Avec AFP
Le ministre chinois de la Défense, Li Shangfu, n’a plus été vu en public depuis plus de deux semaines. La disparition de ce proche de Xi Jinping intervient deux mois après celle du ministre des Affaires étrangères, et d’influents généraux de l’armée chinoise. Pour les uns, c’est une nouvelle affaire de corruption, tandis que d’autres y voient un signe d’intenses batailles politiques.

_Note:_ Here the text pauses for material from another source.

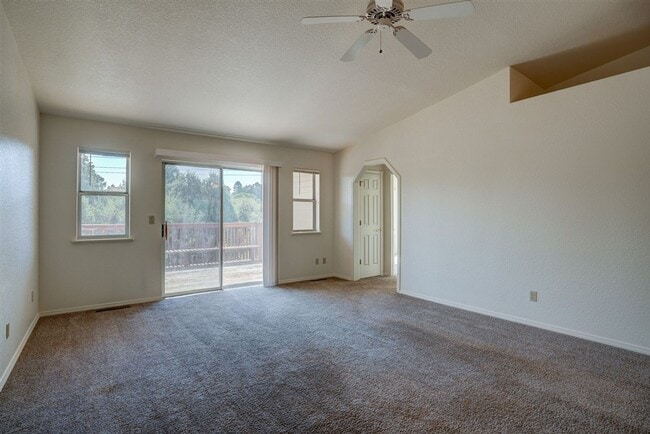 Building Photo - Freshly painted, 3 Bedroom, 2 Bath Home in...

Mais où est donc Li Shangfu ? Le ministre chinois de la Défense n’a plus donné signe de vie depuis plus de deux semaines, note le quotidien britannique Financial Times dans un article publié vendredi 15 septembre.
La dernière apparition publique de ce général remonte au troisième forum sino-africain sur la Paix et la Sécurité qui s’est tenu à Pékin le 29 août. Et il n’a plus quitté la Chine depuis un voyage à Moscou et à Minsk, en Biélorussie, à la mi-août.
L’armée chinoise dans le viseur de Xi Jinping
Pékin se tait sur cette disparition. Seul indice officiel : les autorités vietnamiennes ont affirmé que son ministère avait annulé la semaine dernière un déplacement de Li Shangfu à Hanoï pour “raison de santé”.
Mais selon Washington, la vérité est ailleurs. Le ministre serait visé par une enquête pour corruption, ce qui aurait poussé les autorités à l’écarter discrètement de son poste six mois seulement après sa nomination par Xi Jinping en personne, ont assuré plusieurs responsables américains sous couvert d’anonymat au Financial Times.
Pékin semble en effet avoir entrepris un nettoyage d’été dans les rangs de l’armée populaire de libération (PLA). “On a l’impression qu’il y a une vaste enquête pour corruption dans l’armée en cours”, remarque Carlotta Rinaudo, spécialiste de la Chine pour l’International Team for the Study of Security (ITSS) Verona.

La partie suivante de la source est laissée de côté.